Exercise requirements ->
Go through the listing below and write out exactly the lines from the one that mentions "Grey athletic crop" through the one that mentions "Chase greatness - Groen", minus the pictures.

Data listing ->
- Opening Delimiter -

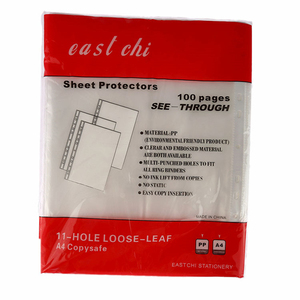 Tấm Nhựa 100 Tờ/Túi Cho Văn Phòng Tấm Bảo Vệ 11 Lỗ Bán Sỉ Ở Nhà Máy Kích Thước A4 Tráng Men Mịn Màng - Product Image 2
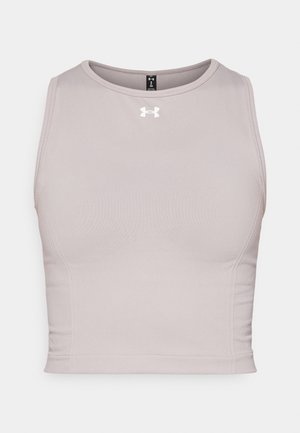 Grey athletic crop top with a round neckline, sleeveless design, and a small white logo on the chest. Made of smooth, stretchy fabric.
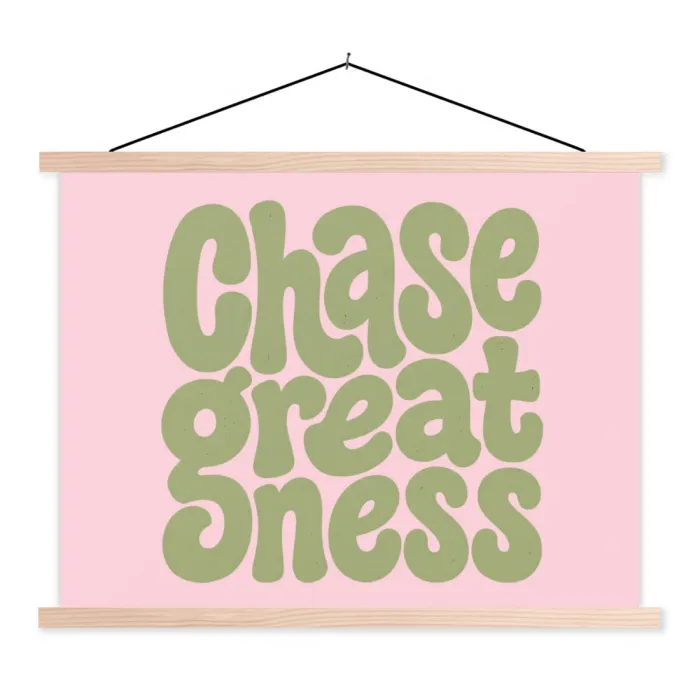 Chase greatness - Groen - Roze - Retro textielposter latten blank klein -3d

- Closing Delimiter -
- Opening Delimiter -

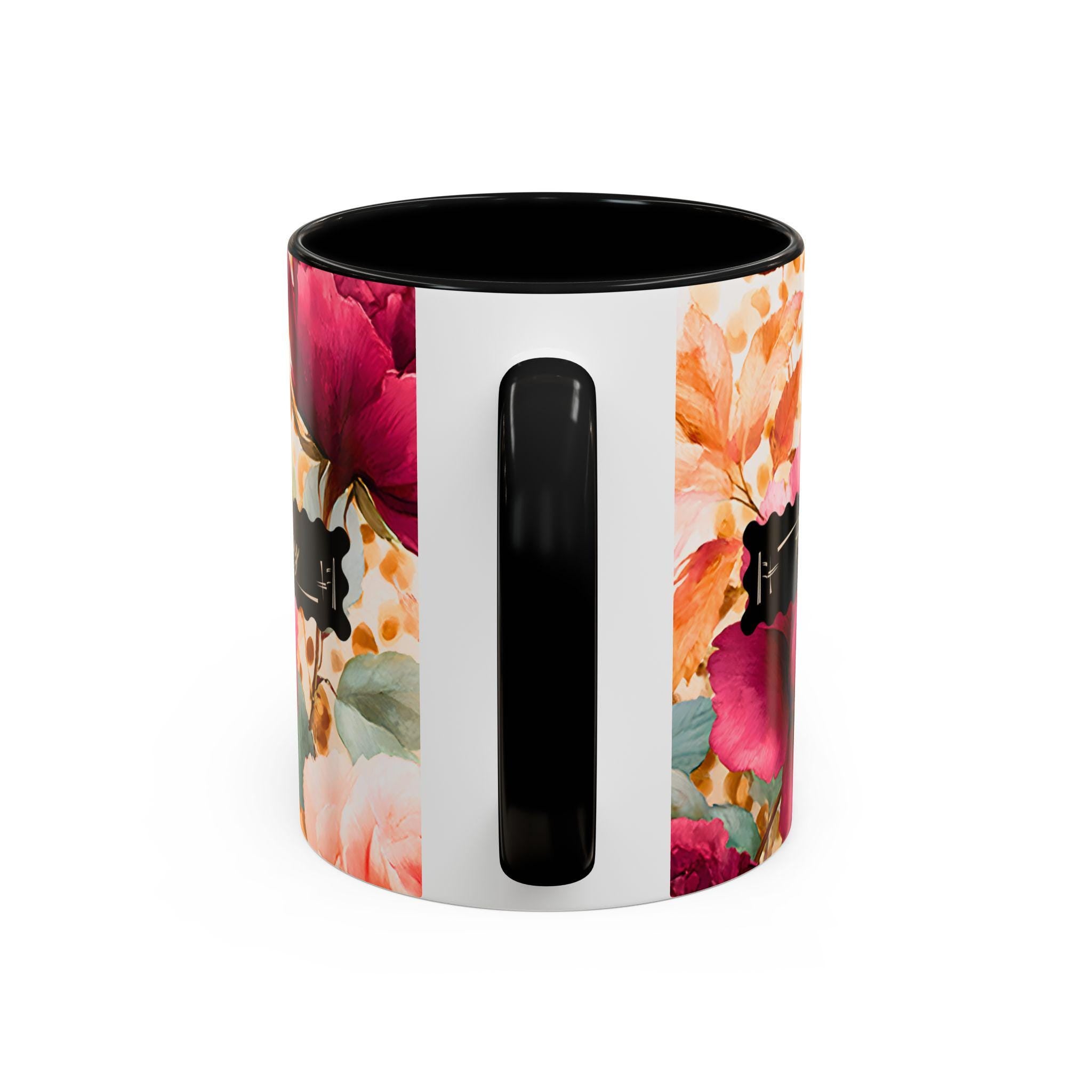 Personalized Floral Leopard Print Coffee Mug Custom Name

- Closing Delimiter -

Worked solution ->
 Grey athletic crop top with a round neckline, sleeveless design, and a small white logo on the chest. Made of smooth, stretchy fabric.
 Chase greatness - Groen - Roze - Retro textielposter latten blank klein -3d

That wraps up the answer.